Robson & Jerome chronology
|  | Robson & Jerome (1995) | Take Two (1996) |

= Robson & Jerome (album) =

Robson & Jerome is the debut studio album by British singing duo Robson & Jerome. It was released in the UK in 1995 by RCA Records, and reached number one on the UK Albums Chart. It was the Christmas number one album of 1995, and was the biggest-selling album of the year, with sales of 2,040,000. For almost 20 years, it held the record for selling 2 million copies in the UK in the fastest time, doing so in 42 days; in 2015, Adele surpassed the record when her album 25 took just 29 days to reach the landmark.

In 2006, Q magazine included Robson & Jerome in their list of the 50 worst albums of all time.

Professional ratings
Review scores
| Source | Rating |
| Smash Hits | Star |

==Background==
In November 1994, in an episode of the British television drama series Soldier Soldier, Robson Green and Jerome Flynn performed "Unchained Melody" as an impromptu duo called "The Unrighteous Brothers", after the entertainment failed to appear at wedding. Their performance triggered a big response from the audience and ITV was inundated by people looking to buy the song. Simon Cowell was alerted to the interest shown by the public, and pursued the two reluctant actors (and later Robson's mother) for the next four months to record the song, to the extent that Robson Green threatened legal action to stop Cowell harassing them. The actors were eventually persuaded to sign a recording contract with Cowell and record a Righteous Brothers-type version of the song as a duo. Cowell enlisted music producers Mike Stock and Matt Aitken, with whom he had worked many times before, to produce the single.

==Success==
Their cover of "Unchained Melody" was released as a double A-side single with "White Cliffs of Dover". It immediately reached No. 1 and stayed there for seven weeks, and became the best-selling song of 1995. It was also the best-selling song of the 1990s, until it was over-taken by "Candle in the Wind 1997", Elton John's tribute to Diana, Princess of Wales. It remains one of the country's best-selling singles. Their two follow-up singles, "I Believe" released later in the year, and "What Becomes of the Brokenhearted" released in 1996, also reached No. 1 on their release, and they became the first act in UK chart history to have their first three singles going straight in at number one. Their third single "What Becomes of the Brokenhearted"/"Saturday Night at the Movies"/"You'll Never Walk Alone" is also the only single released as a Triple A-side to go to number one.

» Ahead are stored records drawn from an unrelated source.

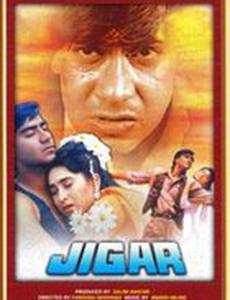 Мужественное сердце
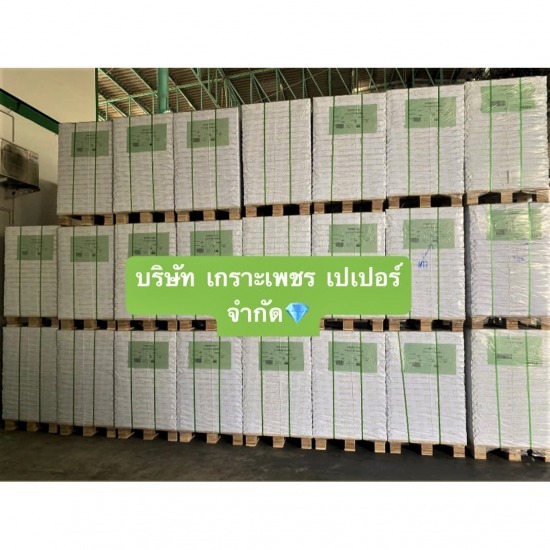 อาร์ตการ์ด 1หน้า 1s/190-400g - ขายส่งกระดาษทำกล่อง กระดาษโรงพิมพ์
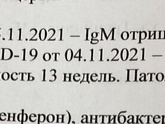 Антитела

Robson & Jerome was released in November 1995 and became the best-selling album of the year. The Beatles' Anthology 1, which it kept at number two, included one of the same songs, "This Boy".

==Track listing==
1. "Unchained Melody" (Alex North, Hy Zaret)
2. "Daydream Believer" (John Stewart)
3. "I Believe" (Ervin Drake, Irvin Graham, Jimmy Shirl, Al Stillman)
4. "The Sun Ain't Gonna Shine Anymore" (Bob Crewe, Bob Gaudio)
5. "Up on the Roof" (Gerry Goffin, Carole King)
6. "I'll Come Running Back to You" (Sam Cooke)
7. "(There'll Be Bluebirds Over) The White Cliffs of Dover" (Walter Kent, Nat Burton)
8. "Amazing Grace" (John Newton, William Walker)
9. "If I Can Dream" (Walter Earl Brown)
10. "This Boy" (John Lennon, Paul McCartney)
11. "Love You Forever" (Paul Berrington)
12. "Little Latin Lupe Lu" (Bill Medley)
13. "Danny Boy" (Frederic Weatherly, Traditional)

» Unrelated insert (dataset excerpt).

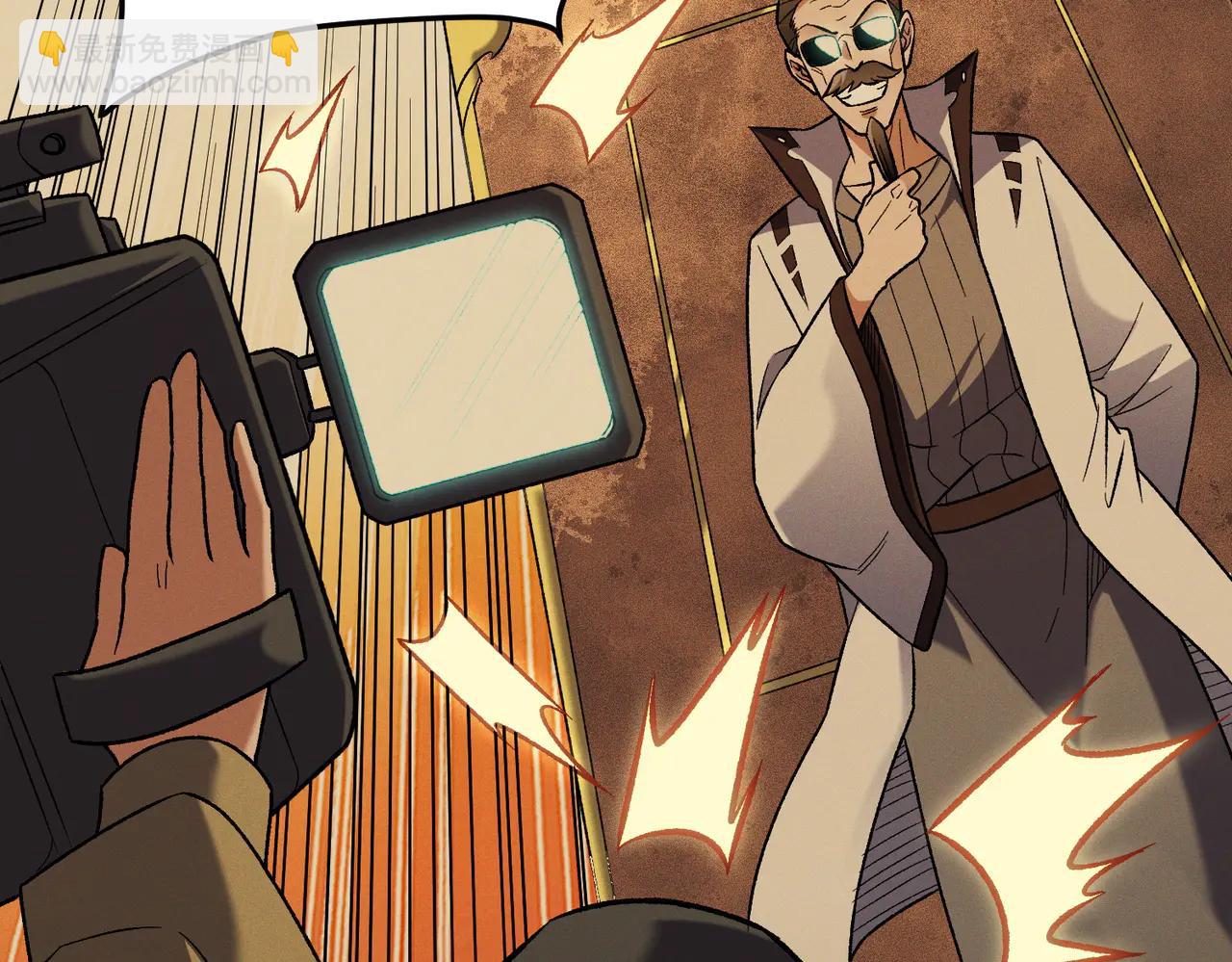 全民轉職：無職的我終結了神明！ - 第169話 故人相見，已非當年(3/4) - 6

==Charts and certifications==

===Weekly charts===

| Chart (1995) | Peak position |
|---|---|
| Australian Albums (ARIA) | 74 |
| Scottish Albums (OCC) | 1 |
| UK Albums (OCC) | 1 |

===Year-end charts===

| Chart (1995) | Position |
|---|---|
| UK Albums (OCC) | 1 |
| Chart (1996) | Position |
| UK Albums (OCC) | 42 |

===Decade-end charts===

| Chart (1990–99) | Position |
|---|---|
| UK Albums (OCC) | 6 |

===Certifications===

| Region | Certification | Certified units/sales |
| United Kingdom (BPI) | 6× Platinum | 2,336,086 |
Summaries
| Europe (IFPI) | 2× Platinum | 2,000,000^{*} |
^{*} Sales figures based on certification alone.